PatientExploreR can be freely obtained from GitHub: https://github.com/BenGlicksberg/PatientExploreR. We provide instructions for how researchers with approved access to their institutional EHR can use this package. We also release an open sandbox server of synthesized patient data for users without EHR access to explore: http://patientexplorer.ucsf.edu.

Supplementary information

Supplementary data are available at Bioinformatics online.

1 Introduction

Large-scale electronic health record (EHR) data have demonstrated the potential to completely transform the process of scientific discovery in precision medicine (Glicksberg et al., 2019; Jensen et al., 2012). The ‘real world data’ contained within EHRs can benefit scientists and physicians across a range of disciplines (Frankovich et al., 2011). However, challenges remain that limit effective use of these data for research, including incompatible data framework between institutions as well as a lack of technical and domain expertise for researchers.
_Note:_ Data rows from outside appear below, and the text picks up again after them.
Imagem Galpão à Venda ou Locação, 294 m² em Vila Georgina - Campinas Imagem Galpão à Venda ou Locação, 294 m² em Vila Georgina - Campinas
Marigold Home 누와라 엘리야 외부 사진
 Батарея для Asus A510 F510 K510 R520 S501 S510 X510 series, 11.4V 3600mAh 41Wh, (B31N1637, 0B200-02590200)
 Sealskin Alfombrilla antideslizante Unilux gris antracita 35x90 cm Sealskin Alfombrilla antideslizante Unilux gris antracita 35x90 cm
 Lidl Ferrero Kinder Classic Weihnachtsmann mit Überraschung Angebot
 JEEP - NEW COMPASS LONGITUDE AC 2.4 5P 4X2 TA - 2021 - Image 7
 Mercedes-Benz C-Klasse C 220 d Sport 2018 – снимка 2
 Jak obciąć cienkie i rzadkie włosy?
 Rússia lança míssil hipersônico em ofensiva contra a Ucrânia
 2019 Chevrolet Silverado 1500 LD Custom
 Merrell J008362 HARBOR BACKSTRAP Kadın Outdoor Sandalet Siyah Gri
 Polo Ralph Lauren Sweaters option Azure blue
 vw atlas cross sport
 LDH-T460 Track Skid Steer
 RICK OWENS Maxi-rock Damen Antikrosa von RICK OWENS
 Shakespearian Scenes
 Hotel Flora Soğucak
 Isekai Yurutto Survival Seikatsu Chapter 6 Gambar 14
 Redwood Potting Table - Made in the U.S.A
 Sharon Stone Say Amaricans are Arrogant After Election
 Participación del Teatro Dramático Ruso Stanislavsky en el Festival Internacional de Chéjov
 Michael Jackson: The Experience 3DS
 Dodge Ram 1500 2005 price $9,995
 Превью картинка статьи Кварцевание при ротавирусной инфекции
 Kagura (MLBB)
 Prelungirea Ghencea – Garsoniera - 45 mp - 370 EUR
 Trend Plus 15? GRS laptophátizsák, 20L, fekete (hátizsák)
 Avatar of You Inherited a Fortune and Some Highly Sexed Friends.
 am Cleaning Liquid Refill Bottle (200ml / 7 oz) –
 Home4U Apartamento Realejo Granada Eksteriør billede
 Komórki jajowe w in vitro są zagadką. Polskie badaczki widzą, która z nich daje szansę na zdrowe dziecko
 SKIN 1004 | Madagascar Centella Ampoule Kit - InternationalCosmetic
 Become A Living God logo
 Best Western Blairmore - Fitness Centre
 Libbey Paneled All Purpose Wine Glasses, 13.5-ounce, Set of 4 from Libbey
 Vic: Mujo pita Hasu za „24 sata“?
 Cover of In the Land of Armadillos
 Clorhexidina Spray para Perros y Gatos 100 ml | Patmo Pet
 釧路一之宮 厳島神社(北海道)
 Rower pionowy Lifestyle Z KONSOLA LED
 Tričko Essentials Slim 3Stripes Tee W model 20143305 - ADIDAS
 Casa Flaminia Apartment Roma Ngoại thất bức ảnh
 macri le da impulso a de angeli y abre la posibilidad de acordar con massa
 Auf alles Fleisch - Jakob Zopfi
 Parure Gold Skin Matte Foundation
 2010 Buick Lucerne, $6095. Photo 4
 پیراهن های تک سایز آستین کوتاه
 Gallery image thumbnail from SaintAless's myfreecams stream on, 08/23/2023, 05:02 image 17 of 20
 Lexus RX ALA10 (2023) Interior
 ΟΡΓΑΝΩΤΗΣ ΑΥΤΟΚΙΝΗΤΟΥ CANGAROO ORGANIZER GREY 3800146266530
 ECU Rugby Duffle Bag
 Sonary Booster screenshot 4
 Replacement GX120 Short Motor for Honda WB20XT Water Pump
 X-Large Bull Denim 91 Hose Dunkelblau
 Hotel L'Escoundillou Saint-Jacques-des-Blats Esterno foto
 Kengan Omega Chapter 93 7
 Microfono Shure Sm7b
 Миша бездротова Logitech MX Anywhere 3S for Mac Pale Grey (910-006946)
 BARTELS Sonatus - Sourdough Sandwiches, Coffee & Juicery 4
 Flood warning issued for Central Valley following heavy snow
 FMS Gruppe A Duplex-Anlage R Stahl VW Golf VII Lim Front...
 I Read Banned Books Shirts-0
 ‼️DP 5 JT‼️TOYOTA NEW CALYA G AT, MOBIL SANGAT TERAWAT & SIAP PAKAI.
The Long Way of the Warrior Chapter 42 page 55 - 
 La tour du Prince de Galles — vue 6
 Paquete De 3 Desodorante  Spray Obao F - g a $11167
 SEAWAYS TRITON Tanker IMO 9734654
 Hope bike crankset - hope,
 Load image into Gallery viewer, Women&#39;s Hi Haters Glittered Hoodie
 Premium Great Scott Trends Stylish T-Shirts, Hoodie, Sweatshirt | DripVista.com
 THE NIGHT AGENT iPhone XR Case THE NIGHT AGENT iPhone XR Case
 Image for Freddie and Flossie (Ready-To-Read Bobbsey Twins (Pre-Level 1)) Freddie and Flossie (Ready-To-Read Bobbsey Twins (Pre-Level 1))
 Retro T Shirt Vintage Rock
In recent years, standardized data models, such as the Observational Medical Outcomes Partnership (OMOP) common data model (CDM) (https://www.ohdsi.org/data-standardization/the-common-data-model/), developed by Observational Health Data Sciences and Informatics (OHDSI; https://www.ohdsi.org/) or the Fast Healthcare Interoperability Resources (FHIR; https://www.hl7.org/fhir/) framework have been developed and reduced interoperability issues in EHR-based research. Frameworks such as these have lowered the barrier for cross-institution collaborations and enabled the verification of new discoveries across diverse institutional settings and the replicability of key findings (Duke et al., 2017; Hripcsak et al., 2016; Rajkomar et al., 2018; Vashisht et al., 2018).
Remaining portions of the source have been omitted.